Over this summer, an African-American consultant flew from Boston to my hometown of Lagos, Nigeria. He was very vocal in recognizing the degrees of difference when considering infrastructure development or efficiency of the places he stayed. As a consultant, this is what he was paid to do — recognize flaws and speak about what would make the system better. The interaction with the consultant prompted me to write this article, in which I highlight how I have held people to a standard of my background, a background of privilege, and how this may distort the view we have of our “others.” When referring to “others,” I mean those who are different from us in terms of privilege; privileges that can then be the subsidies we each get in life. It is, therefore, important to keep said subsidies in mind as we think of the “others.”

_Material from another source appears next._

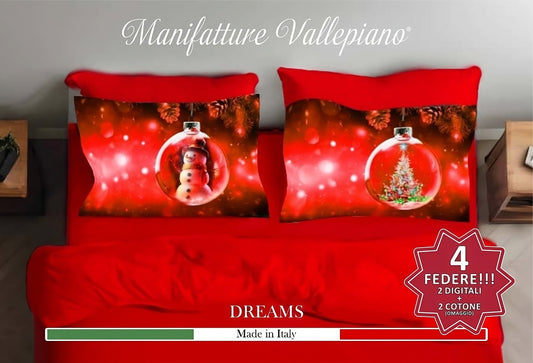 Completo Lenzuola Dreams Christmas Edition con 4 federe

At times we should ask: Could we have lived without this subsidy? For many students on campus, including myself, it is with help from generous donors, hardworking parents and the wizards in our financial aid department that we can converge in Stav Hall, attend courses of our choice and be members of a community with a $500 million-plus endowment. We make it a point to be multi-faceted while finding ourselves in a $63,000 private community.

Of course, it is not only through the might, sweat or class of our family that brought us here. It is also not through munificent persons that we were transformed into St. Olaf students. We had to be diligent students in high school, and we each went through the painstaking ritual of the Common Application. And of course, we each sold ourselves to the admissions team. We should recognize and laud our efforts that brought us here; it truly is no small act. We have “picked ourselves up by the bootstraps.”

I believe that it is through this feat from our individual selves that we have become desensitized to those who do not appear to grip the proverbial bootstrap. Let us think of these outcasts first. In Lagos, Nigeria, we have those who sell basic amenities on the road and those who are persistent in washing the windshields of your car. There are many who have forged an elaborate story of why their predicament is not their own fault, and why a small donation would make the day better.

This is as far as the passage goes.